A few years ago, my wife and I took in a teen and “adopted” him out of his troubled home. He just had six months until high school graduation, and we decided we would give him a place to stay.
The teen’s name was Royce. I won’t get into the details, but things were bad at Royce’s home, and he desperately needed a safe, calm place to call home
We still stay in contact with Royce now, even though he’s long gone from our town and on his way to a successful career. I know that our parenting made a difference in his life, too. I won’t say that my wife and I are parenting experts by any means, but we did learn a few lessons after having Royce under our roof.
When Royce first moved in with us, he wanted to test our boundaries right away. He was glad to stay with us, but he still wanted to see what he could get away with.
Since my wife and I both work with teens in our day jobs, we knew to put our feet down right away and establish should clear boundaries. We didn’t want to be helicopter parents for those six months, but we did want to do our best as Royce’s adoptive parents.

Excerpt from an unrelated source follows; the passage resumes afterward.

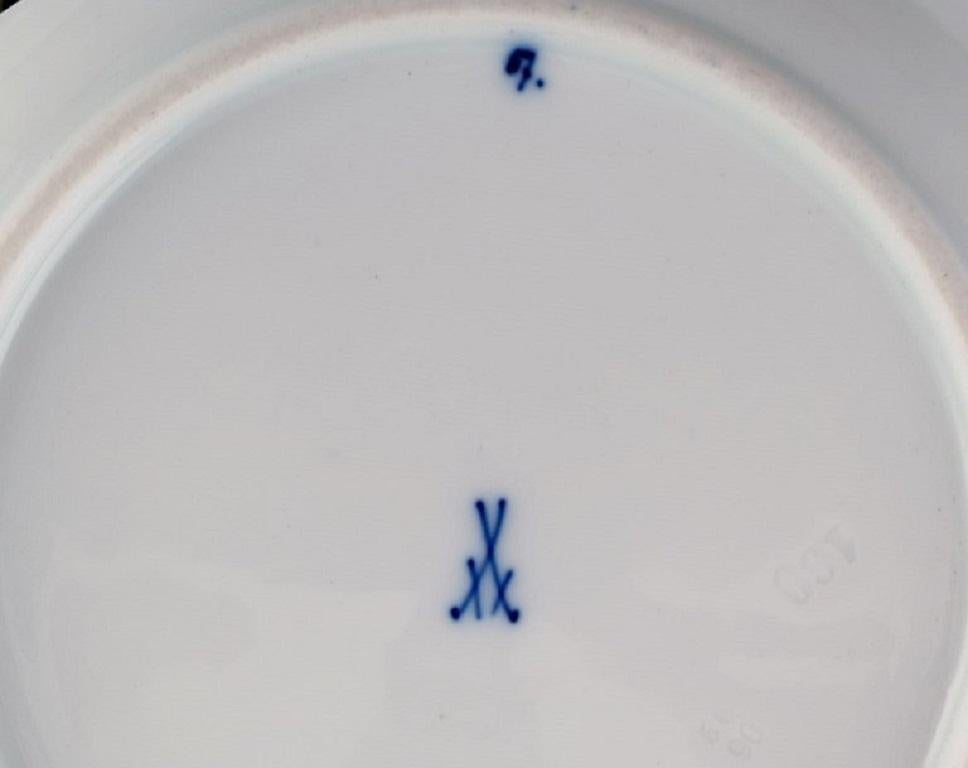 Six Meissen Blue Onion Plates in Openwork Porcelain, Early 20th Century In Excellent Condition In Copenhagen, DK
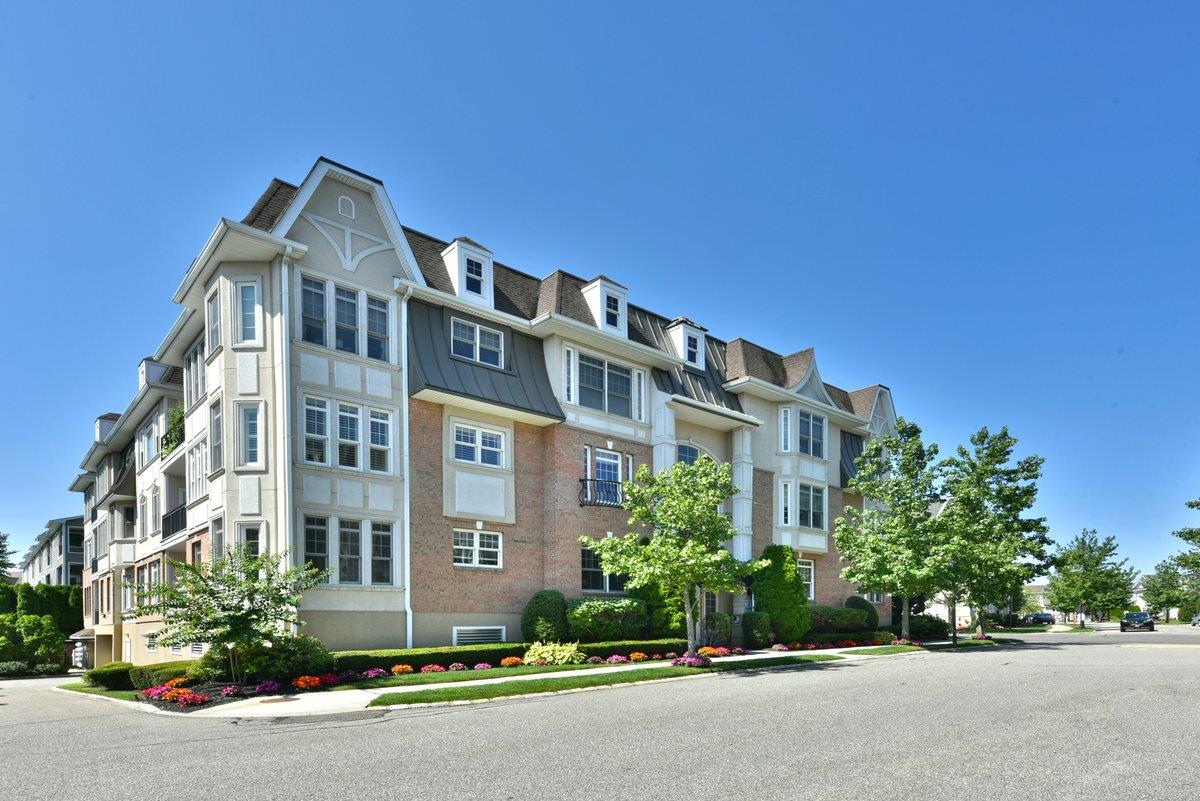 #1 photo, 415 Pacing Way, Westbury , NY 11590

Taking care of Royce, as well as working with teens for our day jobs, has taught me and my wife many lessons about caring for teens.
Here’s what we learned.
Set clear boundaries
Royce really wanted to stay out until the middle of the night every evening. This was acceptable with his “real” parents, so he tried to do this with us.
Right away, we gave him a curfew. We had different times for school nights than weekends. We tried to give him times that he could live with and still have some fun with friends.

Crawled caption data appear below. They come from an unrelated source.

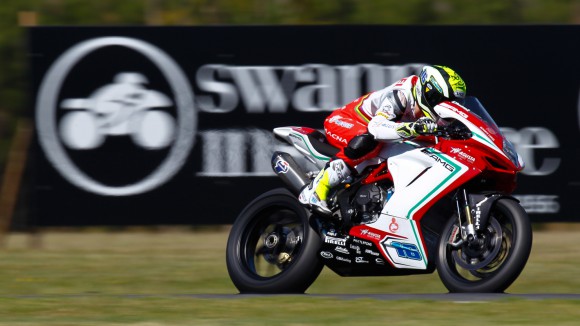 Jules Cluzel, pole en Supersport en Phillip Island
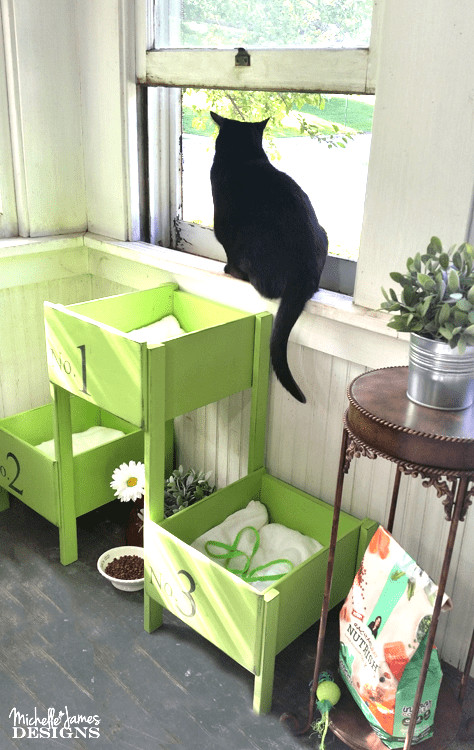 Outdoor Cat Bed DIY
 How To Make A Pretty DIY Cat Bed From Old Drawers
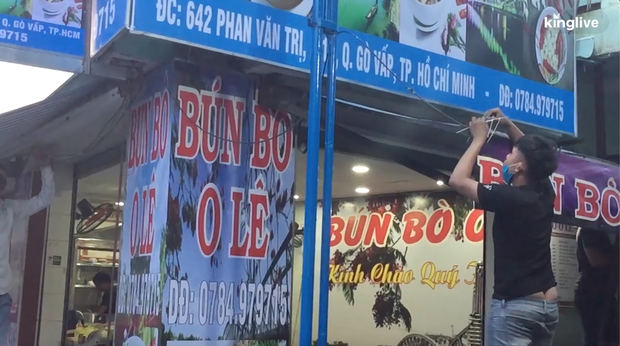Clip: Các quán ăn ở Hà Nội và TP.HCM tất bật chuẩn bị để có thể buôn bán lại sau khi được nới lỏng cách ly xã hội - Ảnh 2. Clip: Các quán ăn ở Hà Nội và TP.HCM tất bật chuẩn bị để có thể buôn bán lại sau khi được nới lỏng cách ly xã hội - Ảnh 2.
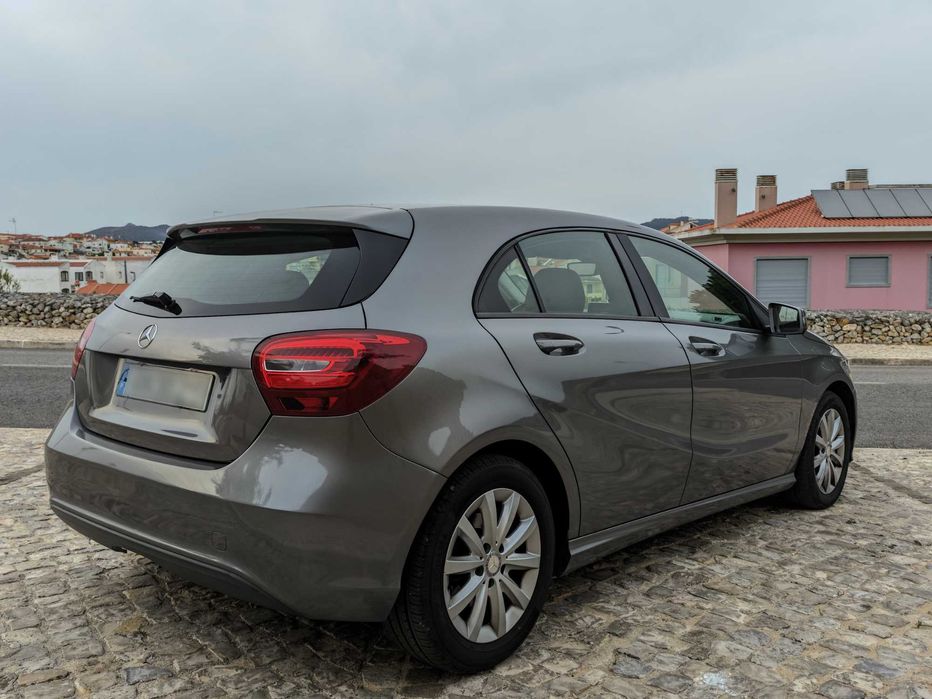 Mercedes-Benz A 160 d AUTO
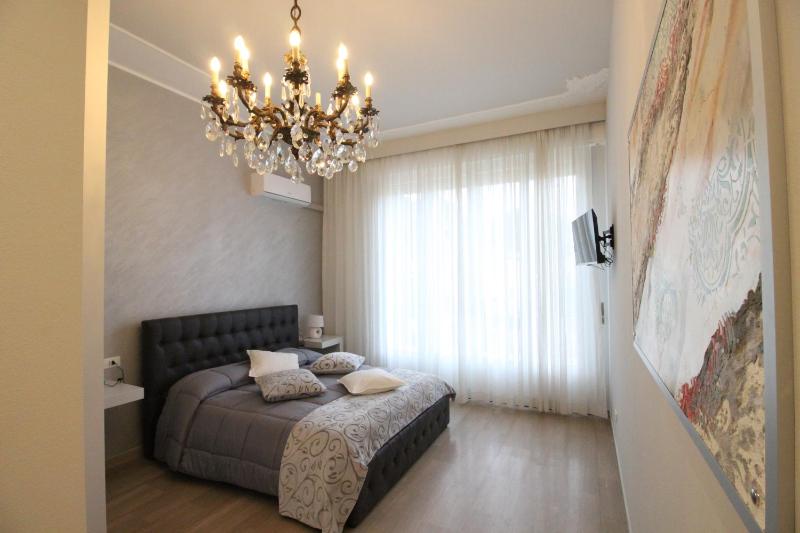 Triple Room with Balcony image 3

We also had to know where he was at all times. This may sound excessive to some people, but we didn’t want Royce getting himself into any trouble. He had to always give us updates via text message.
It’s important to hold teens accountable. This is not a bad thing.
Be firm and consistent
Whenever Royce broke his curfew, he would lose certain privileges. We were very clear what he would lose for doing certain things, and we always stuck to our guns.
Consistency is important in teens’ lives. If you say you are going to do something, follow through with it! Don’t make threats only to feel bad later. This is bad parenting, and it does not work.
As a parent, you need to be an authority figure.
With that said, though, you still need to be realistic with your consequences. Don’t be too extreme, or this will cause your teens to rebel even more.
Check in on occasion
If Royce said he was going to eat pizza with his friends, we would occasionally drive by to check in on him.
If he went to a party at a friend’s house, we had to meet the parents first. This was probably a little embarrassing for Royce, but we weren’t going to let him stay with people we didn’t know.
Don’t go out of your way to embarrass your children, but don’t be afraid to check in on them, either! It’s just all about balance.
So, that’s it! Just remember that it’s important to be clear, be firm and consistent, and check in with your teens and make sure they’re being truthful.